» **The input**:
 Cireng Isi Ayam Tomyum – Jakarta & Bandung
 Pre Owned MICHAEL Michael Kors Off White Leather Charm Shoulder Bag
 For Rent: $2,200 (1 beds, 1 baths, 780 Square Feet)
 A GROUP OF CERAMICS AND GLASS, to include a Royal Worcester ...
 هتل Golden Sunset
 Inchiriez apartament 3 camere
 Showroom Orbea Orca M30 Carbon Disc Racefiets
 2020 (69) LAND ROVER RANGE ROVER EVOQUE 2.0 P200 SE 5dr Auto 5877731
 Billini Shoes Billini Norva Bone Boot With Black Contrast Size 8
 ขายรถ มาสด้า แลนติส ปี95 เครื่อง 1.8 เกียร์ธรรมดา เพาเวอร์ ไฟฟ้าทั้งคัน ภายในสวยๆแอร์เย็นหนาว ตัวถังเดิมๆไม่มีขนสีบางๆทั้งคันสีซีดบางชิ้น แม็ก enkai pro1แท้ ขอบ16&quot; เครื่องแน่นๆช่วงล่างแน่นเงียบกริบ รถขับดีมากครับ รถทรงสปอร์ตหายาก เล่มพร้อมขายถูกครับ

» **What the task requires**: Output the entire listing exactly, including each line.

» **Result for this task**:
 Cireng Isi Ayam Tomyum – Jakarta & Bandung
 Pre Owned MICHAEL Michael Kors Off White Leather Charm Shoulder Bag
 For Rent: $2,200 (1 beds, 1 baths, 780 Square Feet)
 A GROUP OF CERAMICS AND GLASS, to include a Royal Worcester ...
 هتل Golden Sunset
 Inchiriez apartament 3 camere
 Showroom Orbea Orca M30 Carbon Disc Racefiets
 2020 (69) LAND ROVER RANGE ROVER EVOQUE 2.0 P200 SE 5dr Auto 5877731
 Billini Shoes Billini Norva Bone Boot With Black Contrast Size 8
 ขายรถ มาสด้า แลนติส ปี95 เครื่อง 1.8 เกียร์ธรรมดา เพาเวอร์ ไฟฟ้าทั้งคัน ภายในสวยๆแอร์เย็นหนาว ตัวถังเดิมๆไม่มีขนสีบางๆทั้งคันสีซีดบางชิ้น แม็ก enkai pro1แท้ ขอบ16&quot; เครื่องแน่นๆช่วงล่างแน่นเงียบกริบ รถขับดีมากครับ รถทรงสปอร์ตหายาก เล่มพร้อมขายถูกครับ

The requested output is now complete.